**Records supplied**
*** Block opens ***
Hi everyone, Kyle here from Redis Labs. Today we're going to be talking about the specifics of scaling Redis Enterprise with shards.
*** Block closes ***
*** Block opens ***
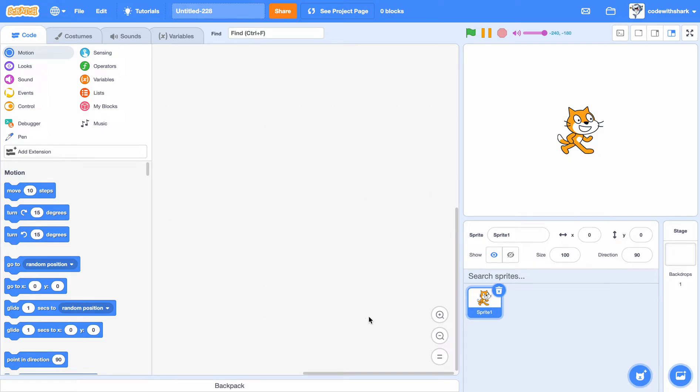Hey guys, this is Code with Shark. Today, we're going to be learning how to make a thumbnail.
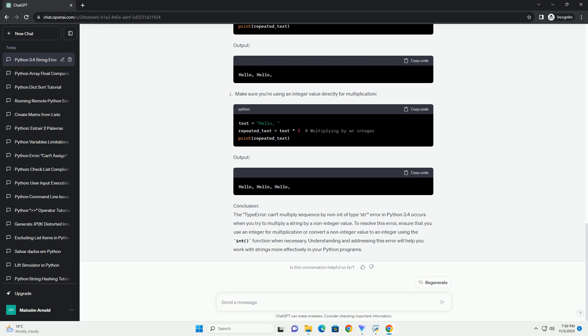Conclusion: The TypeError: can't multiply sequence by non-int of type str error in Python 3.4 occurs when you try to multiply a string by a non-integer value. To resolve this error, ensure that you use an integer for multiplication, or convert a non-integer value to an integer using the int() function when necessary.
*** Block closes ***
**Task requirements**
Once the line with "Hey guys, this" is found above, transcribe each line from it through the line with "Conclusion: The TypeError: can't", exactly, and omit the pictures.

**Your response**
Hey guys, this is Code with Shark. Today, we're going to be learning how to make a thumbnail.
Conclusion: The TypeError: can't multiply sequence by non-int of type str error in Python 3.4 occurs when you try to multiply a string by a non-integer value. To resolve this error, ensure that you use an integer for multiplication, or convert a non-integer value to an integer using the int() function when necessary.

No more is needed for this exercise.